Auteur du culte « Le Petit Lulu », roman graphique autobiographique, Hugues Barthe agrémente « Hugo est gay, Dans la peau d’un jeune homo », paru en 2006, d’un nouveau personnage venu de 2021. Par ce biais, il réactualise son ouvrage daté, mais encore nécessaire.
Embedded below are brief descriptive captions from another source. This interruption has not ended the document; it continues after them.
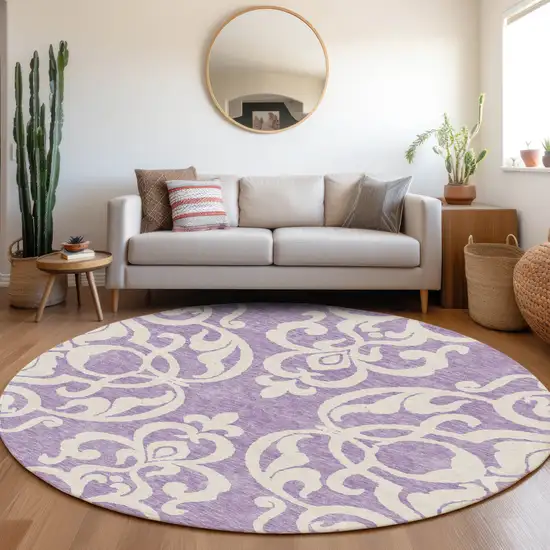 8' Purple And Ivory Damask Washable Round Rug With UV Protection Photo 4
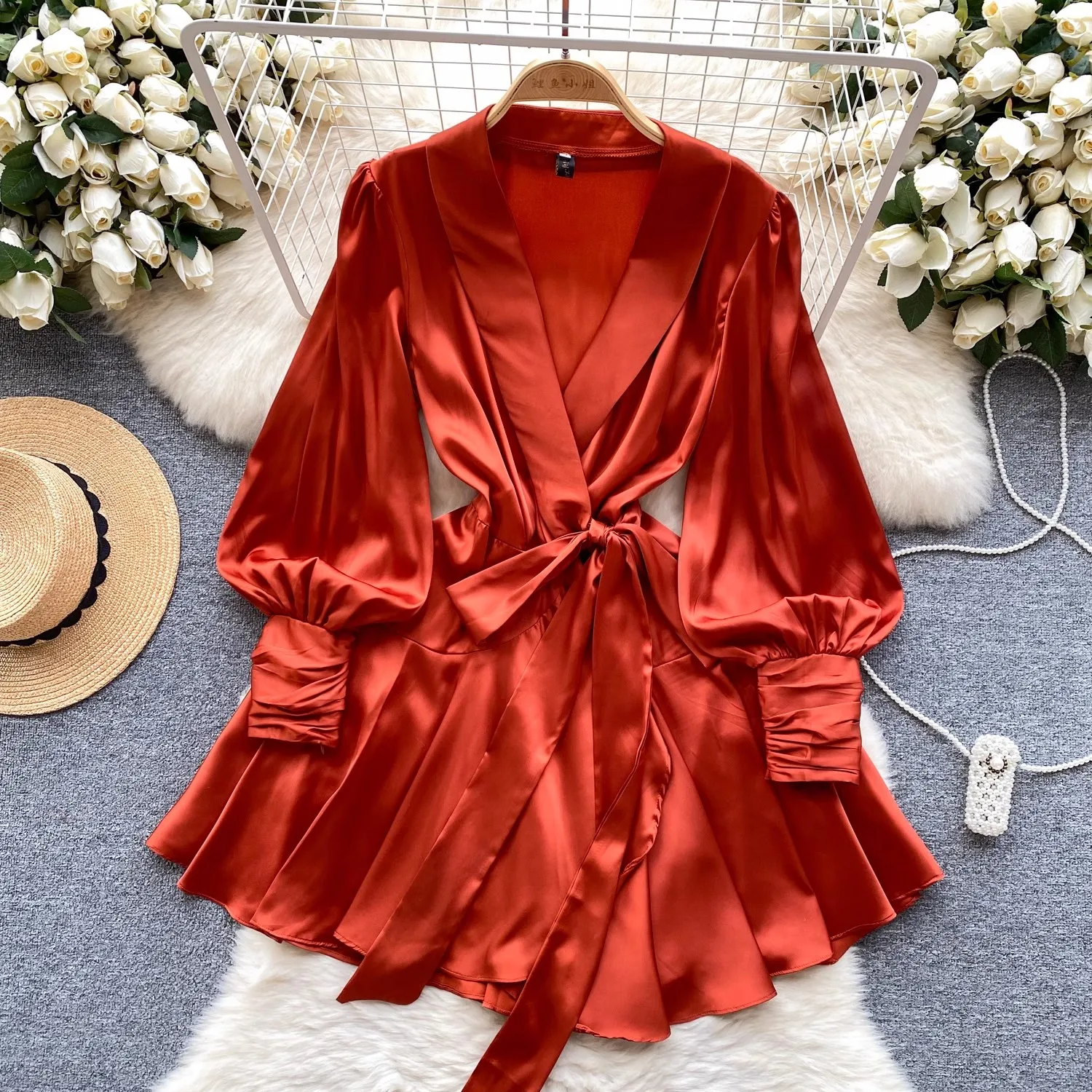 2024 New Fashion Elegant Luxury Women Spring Summer V Neck Lace Up Bow Lantern Sleeve Big Swing Party Dresses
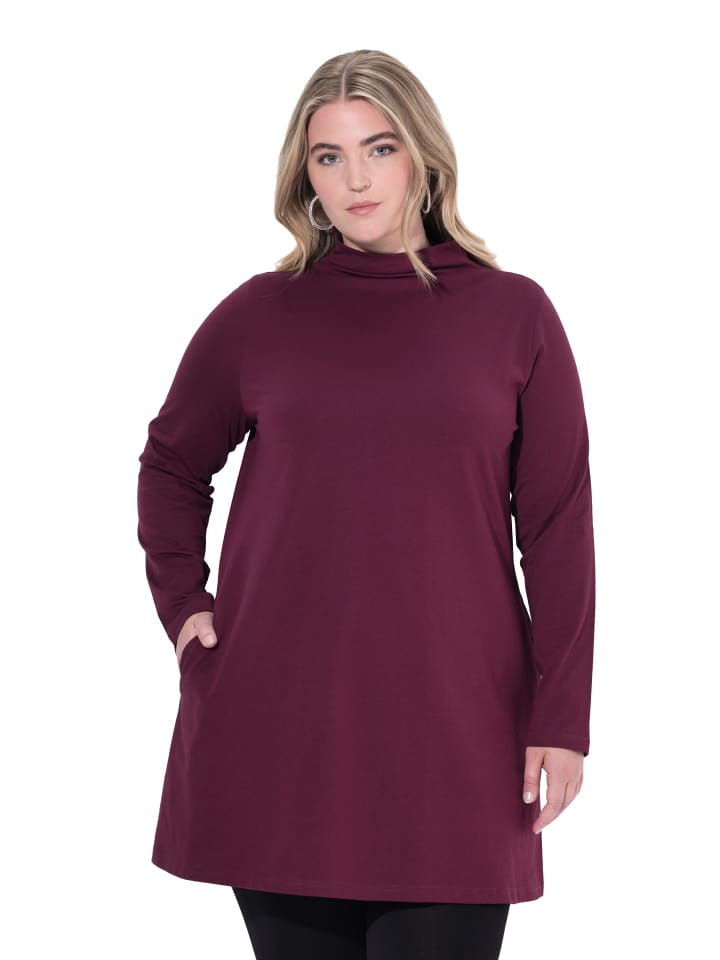 Longshirt in dunkel weinrot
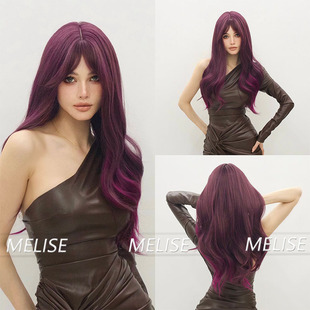Wig Women's Eight-character Bangs Long Curly Hair Fashion Grape Purple Spotted European and American Style Comfortable and Natural Full-head Wig
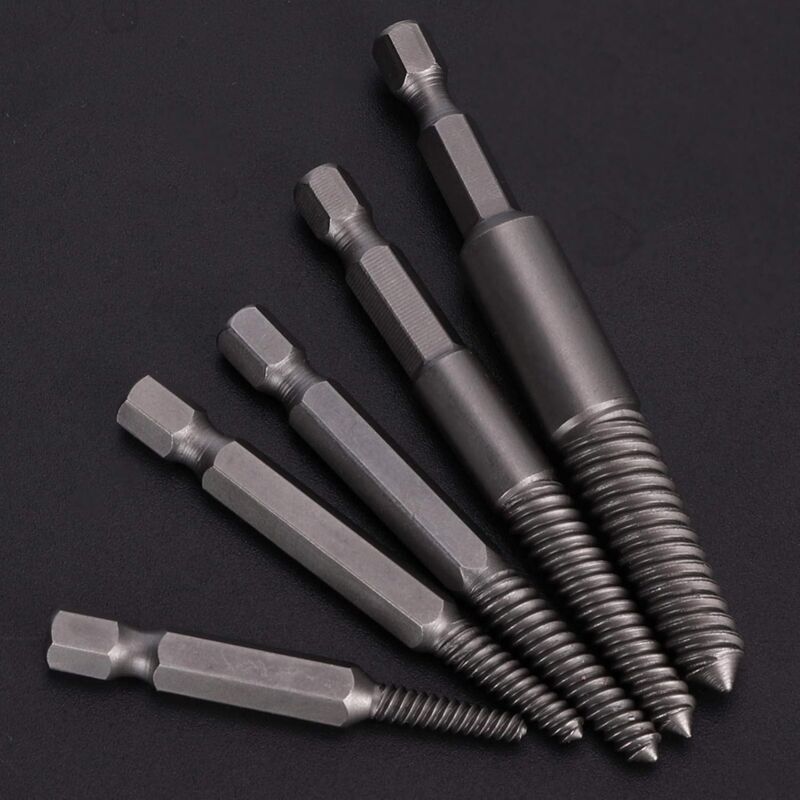 Screw Drill Bits, Stud Removal Tool, 5 pcs Broken Screw Extractor Hex Shank Fine Teeth DAmaged Bolt Removal V1188-MS-227-0804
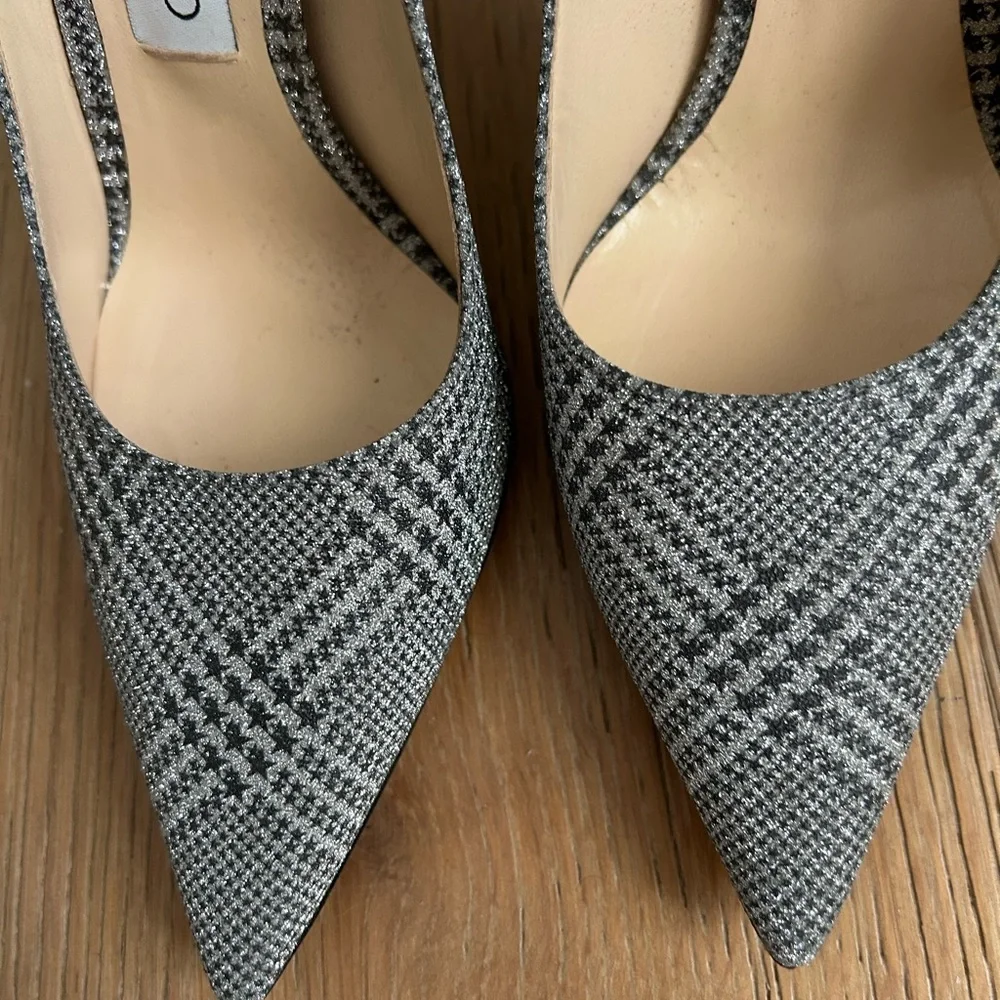 Jimmy Choo metallic houndstooth pattern pointed toe heel with 4 inch heels. - Picture 2 of 6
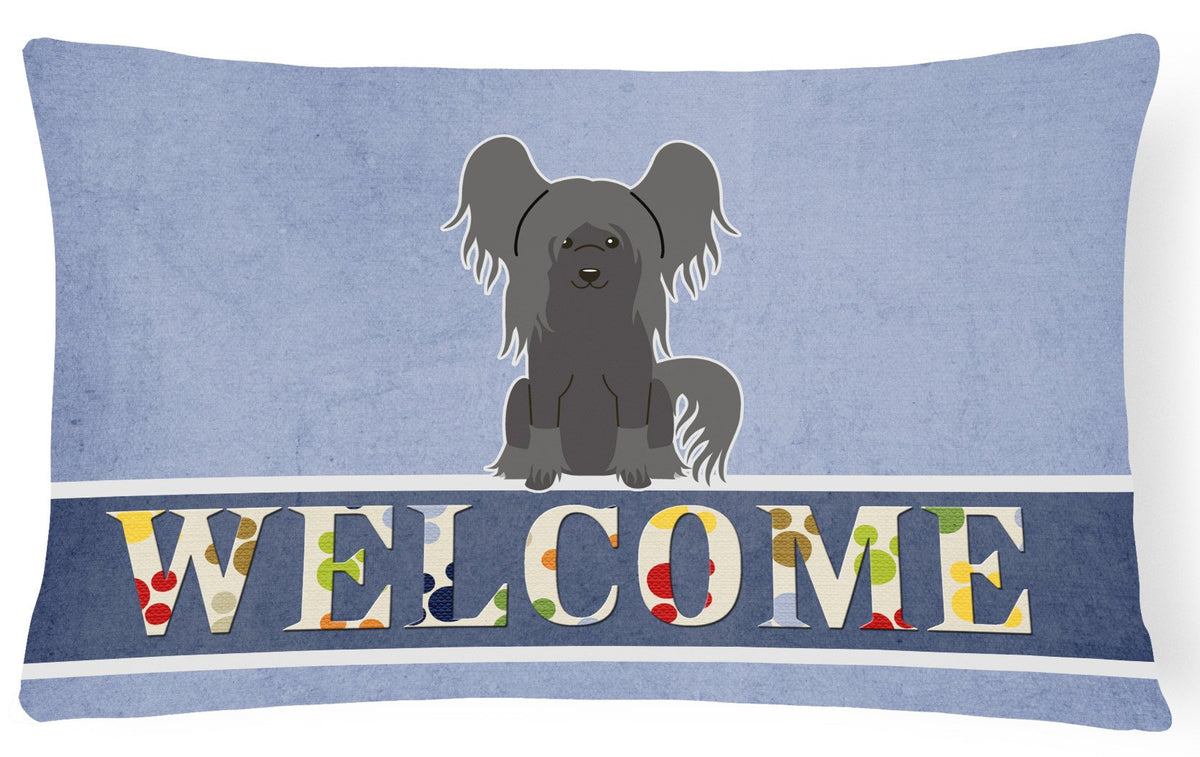 Chinese Crested Black Welcome Canvas Fabric Decorative Pillow BB5693PW1216 by Caroline&#39;s Treasures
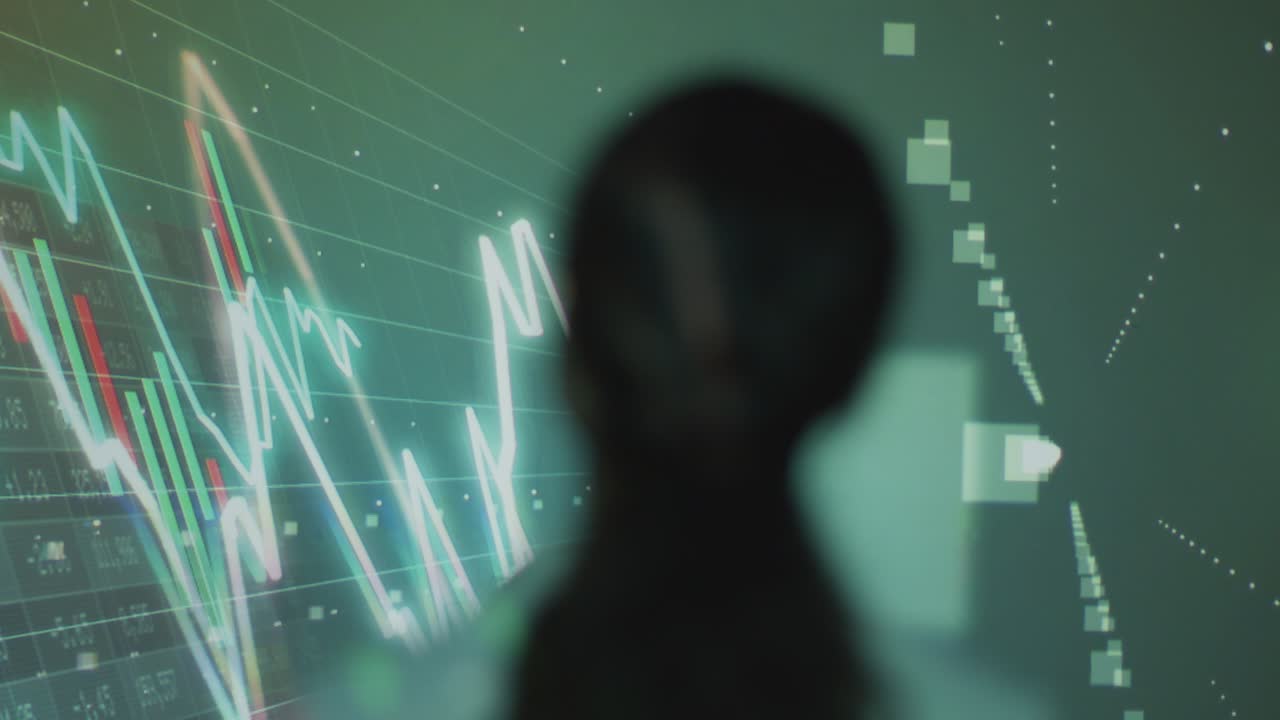 Woman Visiting Immersive Art Exhibition With Projection Of Financial Data With Graphs And Share Prices 3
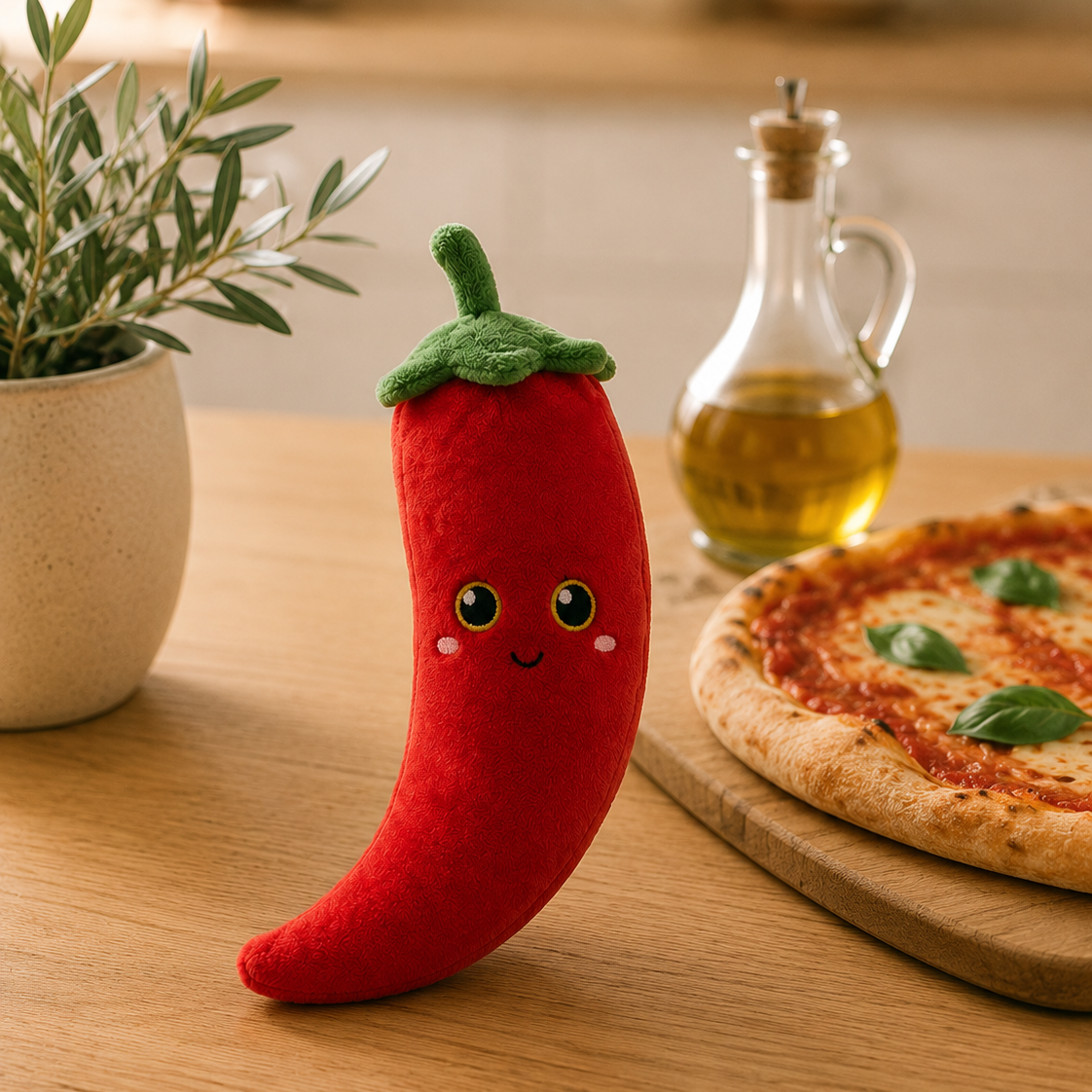 Chilli Besitos plush toy displayed on an oak kitchen table beside pizza, olive oil and natural décor in a warm Scandinavian-inspired home Plushies South Africa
Hugo est un collégien des années 2000 qui essaie de se convaincre qu’il n’est pas homo. En proie aux doutes, il ne sait vers qui se tourner, jusqu’au jour où un jeune adolescent venu de 2021 l’aide à comprendre son orientation sexuelle. Nous sommes allés à la rencontre de Hugues Barthe pour parler de cette nouvelle édition, de l’accueil du livre à l’heure des réseaux sociaux, du choix de la fiction et du petit Lulu.
Pourquoi avoir voulu rééditer « Hugo est gay, Dans la peau d’un jeune homo » dont l’action initiale se passe en 2000 ?
Hugues Barthe : « Je me suis rendu compte que la première version était déjà complètement datée et dépassée. Les mœurs ont vraiment évolué très vite depuis 2006. Les jeunes, homo ou hétéro, sont nettement plus à l’aise sur le sujet. A l’époque, homosexualité était nettement plus cachée, il y avait peu de séries ou de films qui abordaient le sujet. Dans le récit initial, j’ai rajouté un nouveau personnage qui vient de futur, un homo des années 2021. J’ai voulu me replonger dans cet album aussi parce que graphiquement certains éléments ne me plaisaient plus. Cette nouvelle version a donc été l’occasion de redessiner des pages ou des cases, mais je n’ai pas touché aux dialogues ».

Vous avez déjà abordé votre homosexualité dans « Le Petit Lulu », pourquoi avoir choisi la fiction pour « Hugo est gay » ?
Hugues Barthe : « Pour « Hugo est gay », j’ai choisi la fiction, mais l’autobiographie ne me fait pas peur. J’ai publié trois romans graphiques autobiographiques, « Le Petit Lulu » qui parlait déjà d’homosexualité. C’était le livre des trois premières fois : le premier travail, la première mort, celle de ma mère, et la première passion érotique, le petit Lulu donc ! J’y racontais l’année de mes 25 ans. « L’été 79 » et « L’automne 79 » sont aussi deux ouvrages totalement autobiographiques consacrés à mes 14 ans. J’y parlais de mon père qui était alcoolique et violent, un tout autre sujet. J’aime me consacrer à l’autobiographie quand le sujet est dérangeant, même pour moi. Je pense qu’un livre autobiographique est bon à partir du moment où je ne pourrai pas le donner à lire à ma mère, même si elle est décédée. Pour écrire la première version de « Hugo est gay », j’ai demandé à plusieurs personnes de me raconter leur coming out. J’ai recueilli plein d’anecdotes à partir desquelles j’ai créé un personnage. Toutes les petites histoires que je raconte sont vrais. Pour Augustin, le nouveau personnage venu de 2021, je me suis inspiré des jeunes que je côtoie. J’anime plusieurs ateliers d’écriture et certains jeunes ont voulu travailler sur leur coming out ou leur homosexualité, alors qu’ils avaient 14 ans. J’ai été étonné par leur facilité à aborder le sujet. Il y a 15 ans, ce n’était pas le cas. Je m’en suis inspiré. « Hugo est gay » est finalement un voyage dans le temps, on y trouve 3 personnages homo de différentes époques : le jeune de 2021, Hugo de 2000 et aussi un inverti des années 50. Plusieurs générations de gay y sont représentées ».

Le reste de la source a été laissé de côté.